**DATA SECTION**
====

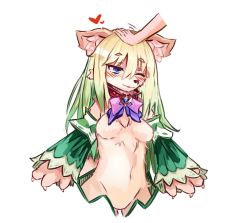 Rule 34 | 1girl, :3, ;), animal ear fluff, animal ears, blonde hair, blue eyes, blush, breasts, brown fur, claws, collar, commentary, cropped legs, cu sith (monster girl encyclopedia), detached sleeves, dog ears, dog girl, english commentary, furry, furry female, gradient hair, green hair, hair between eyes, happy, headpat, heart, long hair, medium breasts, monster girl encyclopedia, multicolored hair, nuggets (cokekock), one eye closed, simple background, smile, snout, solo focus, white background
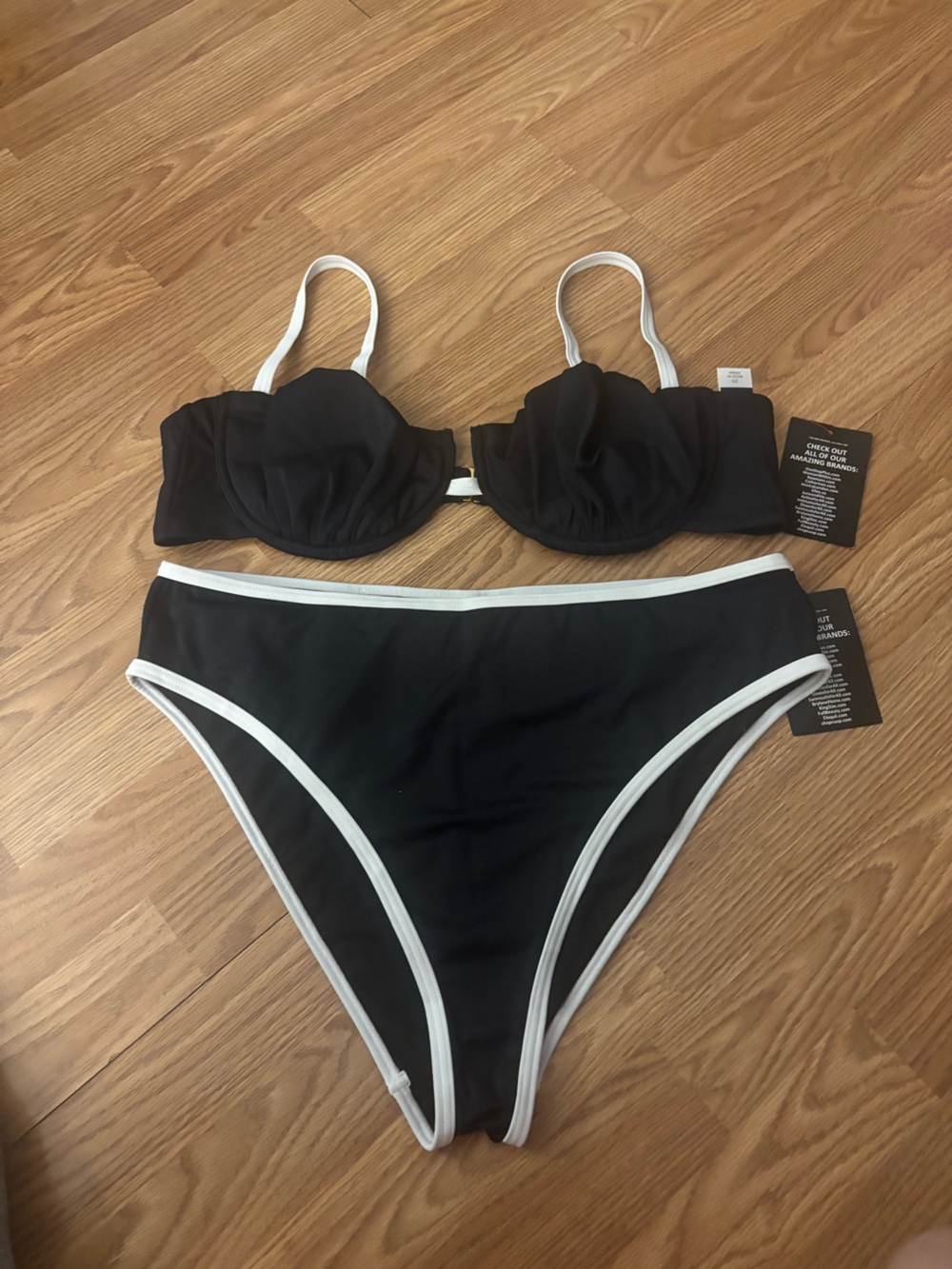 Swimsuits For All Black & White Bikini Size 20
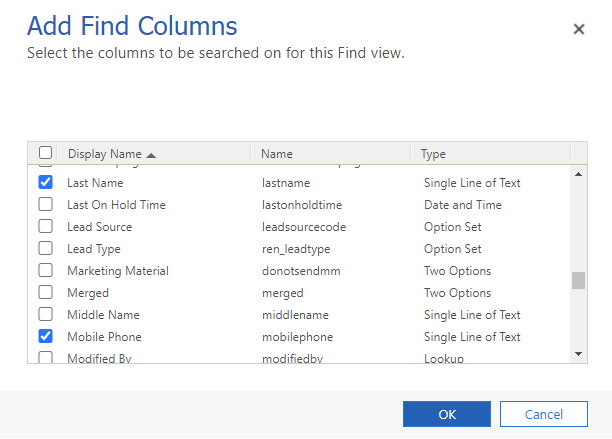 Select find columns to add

====

**WORK INSTRUCTION**
Write out the material above again, word for word, minus its pictures.

**RESULT OF THE TASK**
 Rule 34 | 1girl, :3, ;), animal ear fluff, animal ears, blonde hair, blue eyes, blush, breasts, brown fur, claws, collar, commentary, cropped legs, cu sith (monster girl encyclopedia), detached sleeves, dog ears, dog girl, english commentary, furry, furry female, gradient hair, green hair, hair between eyes, happy, headpat, heart, long hair, medium breasts, monster girl encyclopedia, multicolored hair, nuggets (cokekock), one eye closed, simple background, smile, snout, solo focus, white background
 Swimsuits For All Black & White Bikini Size 20
 Select find columns to add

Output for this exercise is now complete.